_Information_.
╔══
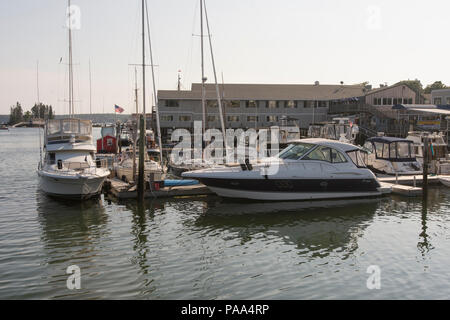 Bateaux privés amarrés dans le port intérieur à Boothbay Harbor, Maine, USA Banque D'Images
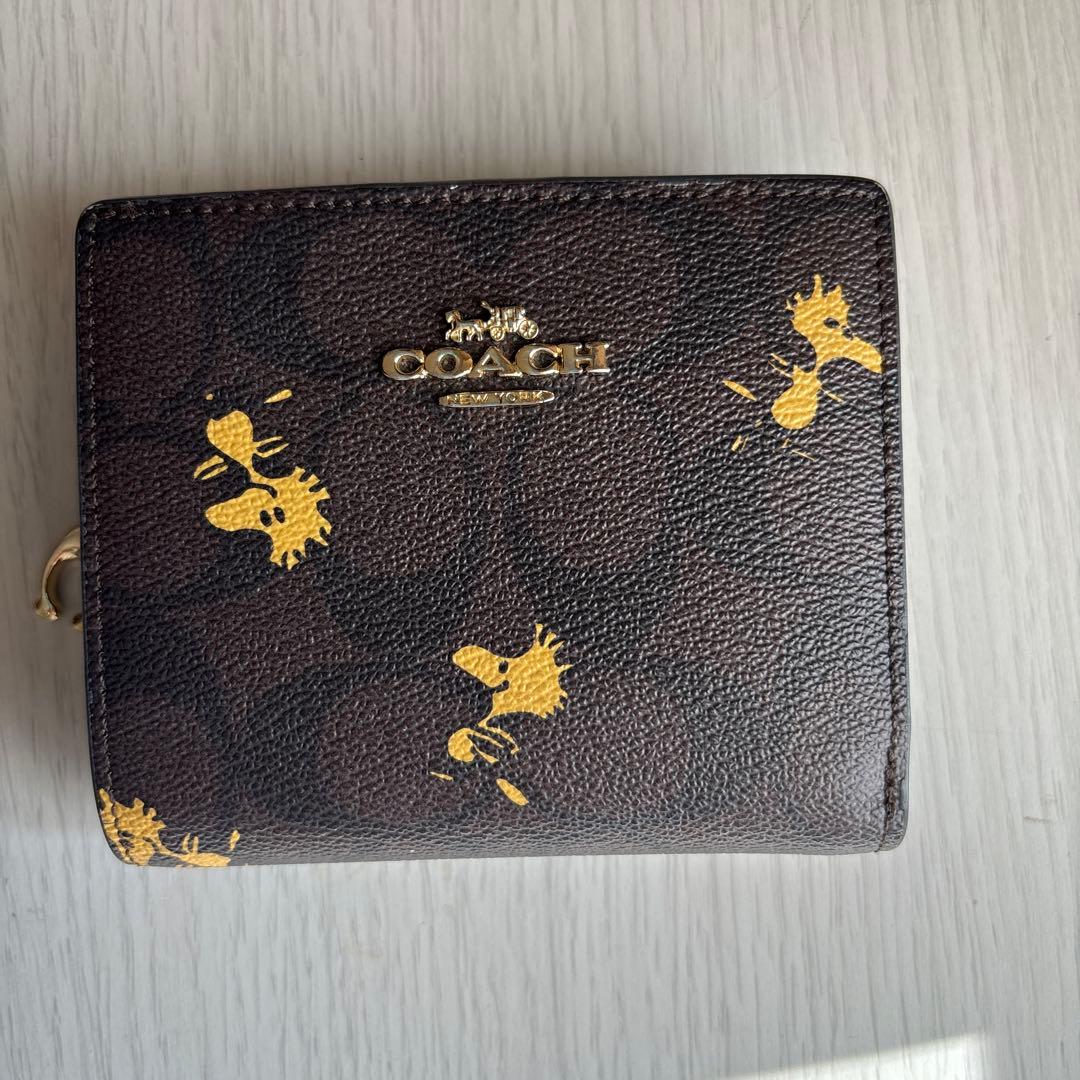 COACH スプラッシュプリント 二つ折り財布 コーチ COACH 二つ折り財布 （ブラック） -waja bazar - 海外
╚══
╔══
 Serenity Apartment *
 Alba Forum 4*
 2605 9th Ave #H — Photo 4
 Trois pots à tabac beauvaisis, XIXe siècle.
╚══
╔══
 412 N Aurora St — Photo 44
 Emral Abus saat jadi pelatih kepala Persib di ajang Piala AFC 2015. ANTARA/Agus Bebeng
╚══
Find every line in the records above that holds the word "Photo", and copy each one.

_Written response_.
 2605 9th Ave #H — Photo 4
 412 N Aurora St — Photo 44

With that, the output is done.